How to remove the QLOUD plug-in from iTunes

// December 7th, 2007 // 6 Comments » // Macintosh, Web Stuff

I posted this to the My Music application discussion page on Facebook today:

I had to reinstall the My Music app (which I had uninstalled because it never worked right) in order to click on the “Remove the plug-in” link. It took me to a page, not an uninstaller. Here is the text, so that you, too, don’t have to reinstall the app:

Windows Users
1. Quit iTunes. (Or Windows Media Player)
2. Go to Start > Control Panel > Add/Remove Programs
3. Then select the Qloud plug-in and click “remove”.

Mac Users
1. Quit iTunes.
2. Go to your home folder.
3. Select the following: Library/iTunes/iTunes Plug-ins/ and delete the folder called “Qloud Plug-in”.

Noah, it would have been nice of you to reply to this thread with these instructions instead of a link to the app, thereby boosting its statistics…

Noah is (presumably) one of the developers. He had made a snarky reply to someone asking how to uninstall the iTunes plugin.

Dude, if you want people to use your softare, 1) make it easy and 2) be nice!

After spending an hour in the ninth circle of Windows configuration and upgrading hell last night, I have very low tolerance for developer hubris. I know how ironic this is, working in a library, where information products can be counterintuitive at best, totally counterproductive at worst. Yeah, working on that.

</rant>

What, you’re not really my friend?

// May 26th, 2007 // 4 Comments » // Libraries, Web Stuff

I just posted this as a comment in response to a post at Information Wants to be Free. There are some really great, common sense comments.

Speaking as someone who has a smaller blog readership and a shorter speaker resume, social software has provided me with connections to colleagues that I never would have had opportunity or courage to make otherwise. I see Ning, Facebook, Twitter (tumblr, jaiku), and to some extent, flickr, as ways to connect with other librarians more frequently than at conferences. It’s tremendously important for us to connect with each other, for no other reason than we do and care about the same things. It’s vital to feel validated and that you’re going down the right path. I guess *that* is what 2.0 tools and “friendship” with other librarylanders does for me.

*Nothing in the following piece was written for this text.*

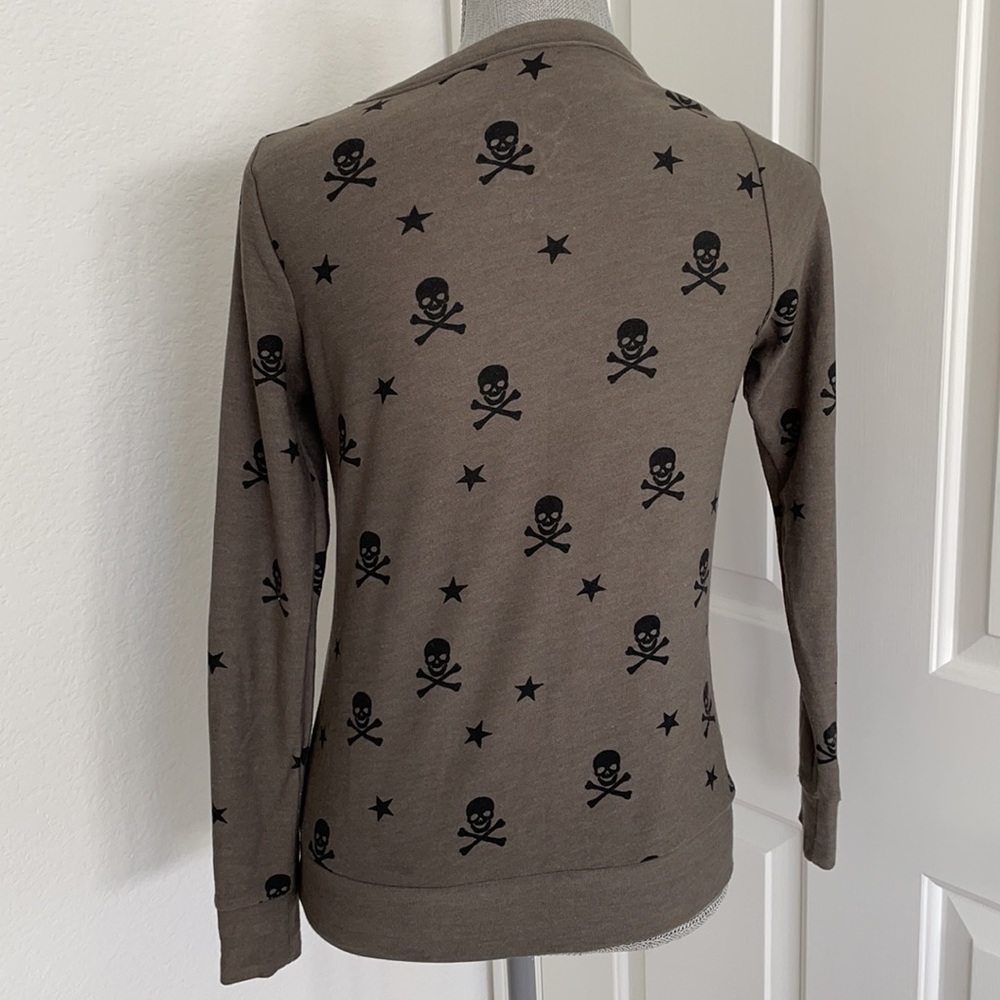 Chaser Skill Crossbones Star Pullover - image 2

I like the concentric circle approach of flickr–someone can be a “contact,” “friend” or “family.” I like being able to limit photos to a certain group of people yet add someone whose images I like as a contact. I do not reciprocate contact adding on flickr if I do not like the person’s images; that’s what flickr is all about. I was a little sensitive about this at first but have grown thicker skin.

Purely communication sites are somewhat a different story. I like the detail request feature of Facebook, though I feel like a prat using it, sometimes. I have added everyone on Facebook who has added me (though I must say some people get “poked” more than others. heh.) I have found a few folks on Facebook through their blogs or other doings in libraryland, but I’m not hurt if they do not add me in return. Disappointed, maybe, but not hurt: Facebook is more personal, I suppose. OTOH, I have immensely enjoyed its silliness and am glad of the connections I’m forging there.

I was excited about Twitter at the outset, until people that I wanted to have tweet conversations with did not add me back–simply because they did not know me and already had dozens of followers, I am sure, though it made me feel rather Stuart Smalley for a while.

LinkedIn is another story; it seems to pivot around actual personal connections, which after being momentarily puzzled by this, makes sense to me. IMHO, it’s trying to remedy this whole issue; the way the site works implies that a “connection” is a “connection”–=I would never walk up to Roy Tennant in real life and say, “Hey, you came to my library ten years ago to consult on our nascent digital library! Would you give me a job?” So I can’t do that on LI, either. :) (ftr, I would never do that to anyone who is “only” a web 2.0 connection, either!)